Section 15 of the Equality Act states that it is discrimination to treat someone unfavourably “because of something arising in consequence of their disability”.  In Charlesworth v Dransfields Engineering Services Ltd, the Employment Appeal Tribunal (EAT) held that as long as the “something” is an effective cause the test in section 15 is satisfied, even if it is not the sole or the main cause of the unfavourable treatment. 

Basic facts 

In 2012, the company realised it needed to make savings because of disappointing profit levels. At the end of November 2014, the operations director Mr Crook identified that the post of branch manager held by Mr Charlesworth could be deleted, saving the company £40,000. In the interim, Mr Charlesworth was diagnosed with renal cancer and was off work from October to December 2014. 

In March 2015, the company told Mr Charlesworth that he was at risk of redundancy.
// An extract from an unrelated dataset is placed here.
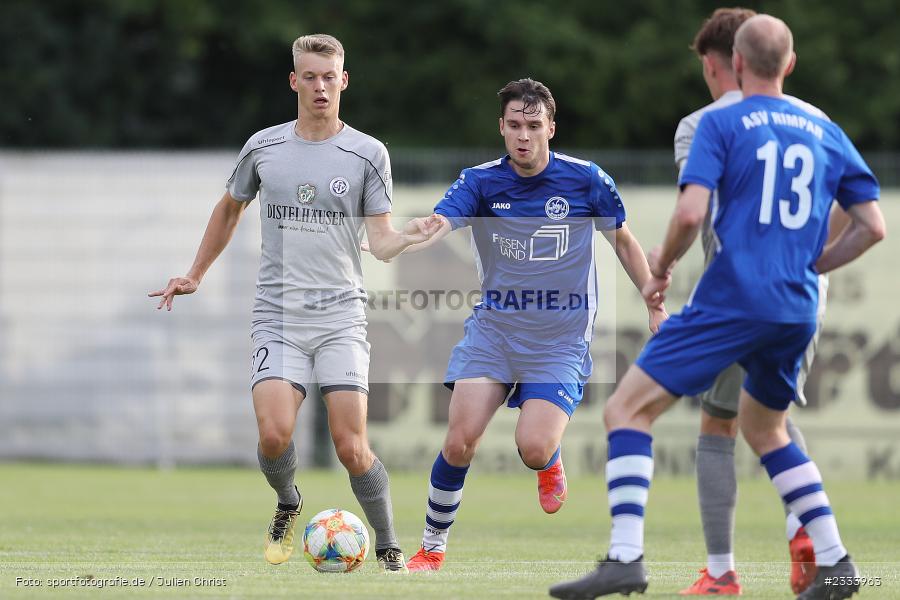 Nicolas Reinhart, Schömig-Digitaldruck-Arena, Rimpar, 06.07.2022, BFV, sport, action, Fussball, Juli 2022, Saison 2022/2023, Bayernliga Nord, Landesliga Nordwest, Testspiel, Landesfreundschaftsspiele, WFV, ASV, Würzburger FV, ASV Rimpar - Bild-ID: 2333963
As there were no suitable alternative vacancies, he was given four weeks’ notice of termination on 28 April 2015. Mr Charlesworth brought claims of direct disability discrimination, discrimination because of something arising in consequence of his disability and unfair dismissal. 

Tribunal decision 

The tribunal dismissed his direct discrimination claim on the basis that the company would not have treated somebody without a disability any differently from the way in which he was treated. The reality was that it needed to make savings through a restructuring and his redundancy had nothing to do with his disability. 

In relation to the claim for discrimination arising from disability, the tribunal accepted that the company had been able to identify that it could manage without him as a result of his absence, However, this was not the same as saying that he was dismissed because of his absence. It also decided that the dismissal was fair as it was for a reason relating to redundancy. There was no alternative post available and no obligation on the company to create one.  

Mr Charlesworth appealed on the basis that the causation test for discrimination arising from disability can include any cause or influence. In other words, it did not have to be the effective cause as long as it led to the reason for dismissal and ultimately the dismissal itself.   

EAT decision 

Whilst accepting that in the case of Hall v Chief Constable of West Yorkshire, the EAT had described the influence required as “significant”, the EAT in this case held that it was important to consider the words in the context of the judgment as a whole. The EAT in Hall was not trying to identify alternative ways of satisfying the causal connection, but rather was using the words “significant influence” to mean an influence or cause that had operated on the mind of a potential discriminator whether consciously or subconsciously to a significant extent and so amounted to an effective cause. 

Nor was there any conflict between the decision in Hall and the decision in Basildon and Thurrock NHS Foundation Trust v Weerasinghe in which the EAT emphasised the need to have regard to the two-stage approach in the legislation. Firstly, that there must be something arising in consequence of the disability; and secondly, that the unfavourable treatment must be “because of” that “something”. Provided the “something” was an effective cause, the test in section 15 was satisfied, even if it was not the sole or the main cause of the unfavourable treatment. 

The tribunal was therefore right to hold that Mr Charlesworth’s absence on sick leave was merely part of the context of his dismissal and not the effective cause.